Political analyst Mohamed el-Sayed Said criticized Egypt's constitution as "obsolete, replete with gaps and contradictions" and said other articles in the document should also be changed.Is the so-called Bush Doctrine a success? Look, it's far too soon to start congratulating the President, and it's a discredit to the people in those nations not to give them credit for the amazing things that are happening there. And democracy is hard, damn hard, and there are sure to be serious stumbling blocks, even for the countries with a jump-start like Iraq. But the President and others deserve credit for believing, in the end, that the people in the Middle East yearn for freedom in the same way people in other nations do. John Kennedy once said "[O]ur most basic common link is that we all inhabit this small planet. We all breathe the same air. We all cherish our children's future. And we are all mortal." Maybe we need to add the idea that we all crave the right of self-determination as well. It's a point Christopher Hitchens touched upon nicely in his piece hammering the outdated idea of a violent "Arab street" that would rise up against us. Mark Steyn makes many of the same points.
...Egypt, the second-largest recipient of U.S. aid, was the first Arab nation to sign a peace treaty with Israel, in 1979, and often mediates in the Israeli-Palestinian peace process.
As the Bush administration presses allies for political change, even reformers in the region are touchy about U.S. interference.
"If this happened by the pressure from the United States, we don't want it," el-Said, the Tagammu leader, said. "In my view, it came from the mobilization of public opinion."

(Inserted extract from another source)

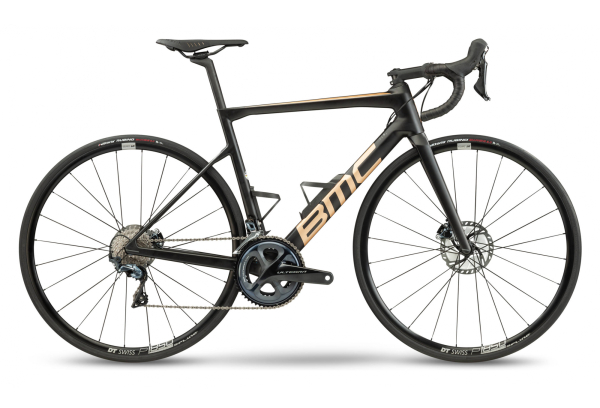 Шоссейные велосипеды BMC Teammachine SLR01 THREE LE Ultegra Di2 Disc 12V CDR501 Black/Gold 2023 Артикул SLR01ULTDISСGOLD54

In the end, we're looking at the possible re-alignment of the Arab world into a free part of the world. We may not like the electoral results in the future, but we already have that in Europe anyway. However, it will be far better for our nation if these nations become legitimate democracies. The fact of the matter is, terrorists are far less common -- and far less successful -- within democratic societies. And in this way, the liberation of Iraq is part and parcel a piece of preventing another 9/11. Andrew Sullivan, who's very critical of our President for many things, hammers this point home...
I think even the fiercest critics of president Bush's handling of the post-liberation phase in Iraq will still be thrilled at what appears to me to be glacial but important shifts in the right direction in the region. The Iraq elections may not be the end of the Middle East Berlin Wall, but they certainly demonstrate its crumbling. The uprising against Syria's occupation of Lebanon is extremely encouraging; Syria's attempt to buy off some good will by coughing up Saddam's half-brother is also a good sign; ditto Mubarak's attempt to make his own dictatorship look more democratic. Add all of that to the emergence of Abbas and a subtle shift in the Arab media and you are beginning to see the start of a real and fundamental change. Almost all of this was accomplished by the liberation of Iraq. Nothing else would have persuaded the thugs and mafia bosses who run so many Arab nations that the West is serious about democracy. The hard thing for liberals - and I don't mean that term in a pejorative sense - will be to acknowledge this president's critical role in moving this region toward democracy. In my view, 9/11 demanded nothing less. We are tackling the problem at the surface - by wiping out the institutional core of al Qaeda - and in the depths - by tackling the autocracy that makes Islamo-fascism more attractive to the younger generation. This is what we owed to the victims of 9/11. And we are keeping that trust.Our friends on the left are another matter for another day. For now, let's hope freedom continues to spread in the lands of oppression.